Chile podría no cumplir sus compromisos ambientales por los incendios forestales

Fuego avanzando sobre una ladera cubierta de vegetación seca mientras una densa columna de humo se eleva hacia el cielo.

Durante siglos, los incendios forestales fueron parte del equilibrio natural de algunos ecosistemas. Ya fuera por la presencia de rayos, volcanes o sequías ocasionales, se solían generar focos que muchas especies de árboles aprendieron a resistir. Pero la crisis climática y el deterioro de los suelos han hecho que en las últimas décadas el fenómeno se haya intensificado, transformándose en una amenaza constante.

Solo en 2024 se perdieron más de 6 millones y medio de hectáreas de bosques en el planeta, casi el doble que el año anterior. América Latina fue la región del planeta más golpeada, con incendios recurrentes en Bolivia, Brasil, Argentina, Ecuador y Chile. Esto no solo ha destruido la biodiversidad de estos países, sino que atenta contra la capacidad de absorber carbono de los bosques, empeorando aún más el calentamiento global.

Tal es el impacto que, según investigaciones de Global Forest Watch y Land & Carbon Lab del WRI los bosques han reducido drásticamente su capacidad de absorber carbono en los años de incendios extremos. ¿Qué quiere decir esto? Que lo que debería funcionar como un “aire acondicionado natural” termina transformándose en otra fuente de emisiones contaminantes.

Chile: los incendios forestales vs la neutralidad de carbono 

En el año 2022, cuando se promulgó la Ley Marco de Cambio Climático, Chile se fijó la meta de ser carbono neutral antes del año 2050. Pero para que esto suceda, sus bosques deben ser capaces de capturar 65 mil kilotoneladas de Dióxido de Carbono hacia mediados de siglo. Esto permitiría equilibrar las emisiones de todas las actividades económicas del país. 

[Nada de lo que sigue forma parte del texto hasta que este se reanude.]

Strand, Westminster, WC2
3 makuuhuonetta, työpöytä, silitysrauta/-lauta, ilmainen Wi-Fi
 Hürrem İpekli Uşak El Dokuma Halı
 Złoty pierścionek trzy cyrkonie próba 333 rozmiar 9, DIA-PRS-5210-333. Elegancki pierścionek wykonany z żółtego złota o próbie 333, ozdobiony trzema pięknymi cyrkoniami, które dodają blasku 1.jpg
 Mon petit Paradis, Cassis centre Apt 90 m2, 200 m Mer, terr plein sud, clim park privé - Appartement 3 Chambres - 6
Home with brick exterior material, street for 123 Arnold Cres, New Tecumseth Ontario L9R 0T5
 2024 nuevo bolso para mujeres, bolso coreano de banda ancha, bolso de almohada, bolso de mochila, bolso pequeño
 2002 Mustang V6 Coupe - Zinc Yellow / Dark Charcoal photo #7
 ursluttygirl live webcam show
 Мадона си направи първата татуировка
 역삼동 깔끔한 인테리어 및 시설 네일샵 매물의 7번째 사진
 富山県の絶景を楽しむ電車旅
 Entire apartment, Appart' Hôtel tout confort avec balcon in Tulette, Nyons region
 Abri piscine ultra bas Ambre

El problema reside en que los megaincendios de 2017 y 2023 desajustaron por completo las proyecciones estimadas cuando se sancionó la ley. En 2017 se quemaron 570 mil hectáreas (lo que hizo que se emitieran 121.617 kt de CO₂eq, el nivel más alto en la historia del país). Seis años después, otro megaincendio arrasó 400 mil hectáreas y dejó el segundo peor registro de emisiones netas. Como resultado, en lugar de compensar, los bosques se convirtieron en emisores de gases contaminantes.

De acuerdo con los informes oficiales, el sector de uso de la tierra y silvicultura (UTCUTS) se ha vuelto mucho más vulnerable. Y a menos que se produzca una reducción de los incendios forestales y la gestión de los bosques del país mejore, la promesa de carbono neutralidad podría quedar en solo una utopía. 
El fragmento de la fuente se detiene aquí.